Der Stern berichtete über den tragischen Tod von Johannes Strassmann. Die plakative Stern Reportage zitierte unter anderem auch Aussagen von King’s Casino Besitzer Leon Tsoukernik, die er in einem Interview getroffen haben soll. Hochgepokert.com bringt die Wahrheit ans Licht und zeigt, wie das Interview wirklich gelaufen ist.
Johannes Strassmann ist tot. Das war dem deutschen Wochenmagazin STERN (7,62 Millionen Leser) eine umfangreiche Recherche wert. Anfang Juli besuchten der Fotojournalist Rainer Kwiotek und Redakteur Rainer Nübel das King’s Casino in Rozvadov und trafen sich mit Leon Tsoukernik. Die Journalisten wollten mehr über das Pokerbusiness erfahren. Ihre Fragen hatten sie im Vorfeld per E-Mail eingereicht. Nach fast sechs Stunden informellen Gesprächs fand nicht eine Aussagen des King’s Bosses Einzug in den STERN Artikel “Gefährliches Spiel” (Ausgabe: 10. Juli 2014), der in wesentlichen Teilen auf den tragischen Tod des deutschen Pokerprofis Johannes Strassmann und die mysteriösen Hintergründe eingeht. Hochgepokert veröffentlicht exklusiv das wirkliche Interview!
STERN: Wie hat sich das Pokern und speziell das Profi-Pokern in den vergangenen Jahren entwickelt?

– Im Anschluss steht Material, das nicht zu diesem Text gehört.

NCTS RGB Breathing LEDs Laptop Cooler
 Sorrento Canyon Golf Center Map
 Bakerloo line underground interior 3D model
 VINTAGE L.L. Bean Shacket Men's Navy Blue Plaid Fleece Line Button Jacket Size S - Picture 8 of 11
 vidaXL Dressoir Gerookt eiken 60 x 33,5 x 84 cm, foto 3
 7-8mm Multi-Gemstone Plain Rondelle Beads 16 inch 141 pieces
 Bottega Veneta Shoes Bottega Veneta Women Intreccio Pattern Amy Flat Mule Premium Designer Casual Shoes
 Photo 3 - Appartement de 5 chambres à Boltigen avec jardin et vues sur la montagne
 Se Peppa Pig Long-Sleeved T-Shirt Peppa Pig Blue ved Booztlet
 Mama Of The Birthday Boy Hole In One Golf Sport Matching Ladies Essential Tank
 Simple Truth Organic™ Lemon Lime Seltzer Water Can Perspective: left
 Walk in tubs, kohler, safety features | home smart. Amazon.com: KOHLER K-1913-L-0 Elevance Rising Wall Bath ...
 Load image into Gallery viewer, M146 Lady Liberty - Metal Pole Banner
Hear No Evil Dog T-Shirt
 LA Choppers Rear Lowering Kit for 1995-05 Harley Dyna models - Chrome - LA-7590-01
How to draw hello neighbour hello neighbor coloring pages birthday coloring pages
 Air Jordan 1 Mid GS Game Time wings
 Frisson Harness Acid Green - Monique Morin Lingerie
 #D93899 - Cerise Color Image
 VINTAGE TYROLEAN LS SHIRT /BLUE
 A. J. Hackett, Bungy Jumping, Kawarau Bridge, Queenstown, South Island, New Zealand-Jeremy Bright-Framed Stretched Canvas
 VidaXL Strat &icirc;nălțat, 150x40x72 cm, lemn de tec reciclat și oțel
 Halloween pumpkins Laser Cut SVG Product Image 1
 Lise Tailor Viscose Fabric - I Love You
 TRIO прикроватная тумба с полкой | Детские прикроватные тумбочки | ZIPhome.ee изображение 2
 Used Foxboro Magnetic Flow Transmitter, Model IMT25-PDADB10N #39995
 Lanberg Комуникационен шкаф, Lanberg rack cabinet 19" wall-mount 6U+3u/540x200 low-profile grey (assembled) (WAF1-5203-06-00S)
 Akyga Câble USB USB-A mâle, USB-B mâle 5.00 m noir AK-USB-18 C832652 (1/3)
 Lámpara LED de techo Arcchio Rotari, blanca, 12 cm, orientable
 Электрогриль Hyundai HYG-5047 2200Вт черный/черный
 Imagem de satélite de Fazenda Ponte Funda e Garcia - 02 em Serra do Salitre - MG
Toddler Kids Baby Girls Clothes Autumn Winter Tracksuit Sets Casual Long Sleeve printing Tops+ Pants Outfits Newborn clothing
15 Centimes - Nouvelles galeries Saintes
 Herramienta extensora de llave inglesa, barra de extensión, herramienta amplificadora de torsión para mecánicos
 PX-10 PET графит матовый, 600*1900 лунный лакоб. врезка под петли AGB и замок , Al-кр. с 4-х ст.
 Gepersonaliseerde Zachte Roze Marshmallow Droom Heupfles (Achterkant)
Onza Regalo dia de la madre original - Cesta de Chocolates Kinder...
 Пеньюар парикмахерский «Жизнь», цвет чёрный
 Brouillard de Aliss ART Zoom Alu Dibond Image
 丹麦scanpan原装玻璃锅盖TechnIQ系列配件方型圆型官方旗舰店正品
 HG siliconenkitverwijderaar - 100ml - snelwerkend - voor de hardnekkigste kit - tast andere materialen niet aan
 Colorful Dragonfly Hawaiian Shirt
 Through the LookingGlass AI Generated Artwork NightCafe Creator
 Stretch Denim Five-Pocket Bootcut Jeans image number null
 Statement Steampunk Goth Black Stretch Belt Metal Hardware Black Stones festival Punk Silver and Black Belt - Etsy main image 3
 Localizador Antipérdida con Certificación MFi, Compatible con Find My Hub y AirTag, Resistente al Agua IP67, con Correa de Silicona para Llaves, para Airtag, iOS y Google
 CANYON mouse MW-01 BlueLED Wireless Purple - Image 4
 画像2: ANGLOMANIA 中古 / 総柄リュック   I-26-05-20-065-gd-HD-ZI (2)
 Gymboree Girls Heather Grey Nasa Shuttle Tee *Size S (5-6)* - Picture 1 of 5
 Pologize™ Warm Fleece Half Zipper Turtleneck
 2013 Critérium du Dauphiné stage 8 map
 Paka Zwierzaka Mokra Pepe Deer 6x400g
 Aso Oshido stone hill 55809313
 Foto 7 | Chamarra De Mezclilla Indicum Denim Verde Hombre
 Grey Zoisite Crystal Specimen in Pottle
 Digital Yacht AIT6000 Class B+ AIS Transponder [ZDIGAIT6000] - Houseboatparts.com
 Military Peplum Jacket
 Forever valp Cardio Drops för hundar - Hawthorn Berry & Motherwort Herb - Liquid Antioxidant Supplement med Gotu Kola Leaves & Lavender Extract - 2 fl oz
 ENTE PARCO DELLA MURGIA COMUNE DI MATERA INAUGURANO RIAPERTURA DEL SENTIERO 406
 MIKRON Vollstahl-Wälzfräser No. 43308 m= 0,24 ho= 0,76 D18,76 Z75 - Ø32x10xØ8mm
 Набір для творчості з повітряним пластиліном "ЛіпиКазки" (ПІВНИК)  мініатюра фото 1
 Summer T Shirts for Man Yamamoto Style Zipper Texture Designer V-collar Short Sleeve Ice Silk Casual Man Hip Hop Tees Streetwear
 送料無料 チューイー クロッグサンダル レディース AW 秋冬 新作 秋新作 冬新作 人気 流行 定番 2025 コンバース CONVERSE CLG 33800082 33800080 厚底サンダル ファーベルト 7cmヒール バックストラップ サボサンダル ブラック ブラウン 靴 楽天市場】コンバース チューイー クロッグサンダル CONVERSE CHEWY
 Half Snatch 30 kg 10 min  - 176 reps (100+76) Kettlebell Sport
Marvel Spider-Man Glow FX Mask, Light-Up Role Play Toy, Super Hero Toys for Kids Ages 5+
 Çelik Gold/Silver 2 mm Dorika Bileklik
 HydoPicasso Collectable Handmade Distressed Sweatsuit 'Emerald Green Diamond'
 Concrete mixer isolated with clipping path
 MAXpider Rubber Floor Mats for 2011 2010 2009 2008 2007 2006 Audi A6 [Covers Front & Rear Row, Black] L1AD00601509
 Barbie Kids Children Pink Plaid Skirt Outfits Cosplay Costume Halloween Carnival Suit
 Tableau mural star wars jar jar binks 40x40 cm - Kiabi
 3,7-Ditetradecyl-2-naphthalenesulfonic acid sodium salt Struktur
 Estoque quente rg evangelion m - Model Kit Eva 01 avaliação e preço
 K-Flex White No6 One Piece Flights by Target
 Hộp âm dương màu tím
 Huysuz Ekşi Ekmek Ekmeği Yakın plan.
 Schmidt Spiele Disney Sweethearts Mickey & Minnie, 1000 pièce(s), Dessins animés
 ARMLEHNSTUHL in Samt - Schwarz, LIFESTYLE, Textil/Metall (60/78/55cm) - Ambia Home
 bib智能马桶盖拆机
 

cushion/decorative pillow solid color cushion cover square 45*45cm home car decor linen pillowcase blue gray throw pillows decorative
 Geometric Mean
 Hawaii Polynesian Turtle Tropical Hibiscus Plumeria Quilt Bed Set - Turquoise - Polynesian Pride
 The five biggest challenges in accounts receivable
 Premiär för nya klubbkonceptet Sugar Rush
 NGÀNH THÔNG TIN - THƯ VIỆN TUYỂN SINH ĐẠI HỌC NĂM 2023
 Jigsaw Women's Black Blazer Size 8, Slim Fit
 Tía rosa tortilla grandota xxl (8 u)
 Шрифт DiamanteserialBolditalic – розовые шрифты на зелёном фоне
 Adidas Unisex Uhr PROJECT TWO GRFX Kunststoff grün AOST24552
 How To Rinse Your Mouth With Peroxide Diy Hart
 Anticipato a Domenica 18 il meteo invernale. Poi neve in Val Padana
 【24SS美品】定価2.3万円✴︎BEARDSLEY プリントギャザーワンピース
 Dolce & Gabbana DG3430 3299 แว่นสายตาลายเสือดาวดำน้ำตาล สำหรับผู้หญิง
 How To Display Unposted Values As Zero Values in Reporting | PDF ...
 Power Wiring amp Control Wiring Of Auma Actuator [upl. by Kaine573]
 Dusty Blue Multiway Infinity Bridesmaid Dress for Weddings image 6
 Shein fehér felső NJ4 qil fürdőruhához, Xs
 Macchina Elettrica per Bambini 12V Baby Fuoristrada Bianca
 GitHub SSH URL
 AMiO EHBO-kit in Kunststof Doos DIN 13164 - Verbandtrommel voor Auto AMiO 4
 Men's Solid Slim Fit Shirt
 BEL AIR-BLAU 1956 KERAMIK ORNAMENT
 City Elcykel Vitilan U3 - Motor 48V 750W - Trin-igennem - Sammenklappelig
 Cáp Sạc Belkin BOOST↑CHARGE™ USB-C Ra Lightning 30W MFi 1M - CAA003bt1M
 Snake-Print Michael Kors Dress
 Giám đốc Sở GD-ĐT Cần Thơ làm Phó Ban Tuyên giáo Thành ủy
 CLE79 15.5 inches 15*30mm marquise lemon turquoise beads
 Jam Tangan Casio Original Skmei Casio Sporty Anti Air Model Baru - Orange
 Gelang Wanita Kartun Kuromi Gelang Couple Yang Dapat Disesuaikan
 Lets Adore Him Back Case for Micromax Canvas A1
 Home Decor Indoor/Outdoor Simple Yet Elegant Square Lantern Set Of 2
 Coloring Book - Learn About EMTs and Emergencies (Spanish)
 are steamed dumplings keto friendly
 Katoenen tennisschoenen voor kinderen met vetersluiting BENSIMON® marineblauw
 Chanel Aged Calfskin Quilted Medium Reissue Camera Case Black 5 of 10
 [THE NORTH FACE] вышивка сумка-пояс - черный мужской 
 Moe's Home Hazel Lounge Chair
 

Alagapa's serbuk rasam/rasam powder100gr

Leon Tsoukernik: Das Niveau ist deutlich gestiegen, da immer mehr Spieler fundierte Kenntnisse vorweisen können. Damit sind nicht nur Profis gemeint. Viele Amateure verfügen über enormes Pokerwissen. Sie schöpfen aus dem Fundus an Informationen, der im Internet für jeden verfügbar ist. Strategien und Spieltheorien werden dadurch verfeinert und Poker entwickelt sich in seiner Gesamtheit immer weiter.
STERN: Welche positiven, vielleicht auch problematischen Aspekte sehen Sie dabei?
Poker gehört zu den Kartenglücksspielen. Im Vergleich zu anderen Casinoglücksspielen stellt es aber die höchsten intellektuellen Anforderungen. Es ist weit mehr, als ein Spiel mit 52 Karten und etwas Mathematik. Das Regelwerk ist komplex und vielschichtig. Die psychologischen Aspekte sind nicht zu vernachlässigen. All dies kann man erlernen. Das benötigt aber Zeit. Und am Ende gehört immer etwas Glück dazu, um erfolgreich zu spielen.
STERN: Welche Rolle spielt das Online-Pokern?
Online-Poker erreicht die Massen, da das Spiel im Internet immer verfügbar und von überall möglich ist. Dadurch verbreitet sich Poker immer weiter und viele Menschen lernen das Spiel. Für fast jeden ist es aber das Ziel, in einem Casino oder bei einem großen Event gegen andere Spieler anzutreten. Das erfordert eine gewisse Planung. Anreise, Abreise und Unterbringung müssen im Vorfeld geklärt werden. Das ist ein kleiner Aufwand, der mit einem unvergleichlichen Gefühl belohnt wird. Nämlich Face to Face gegen andere Poker zu spielen.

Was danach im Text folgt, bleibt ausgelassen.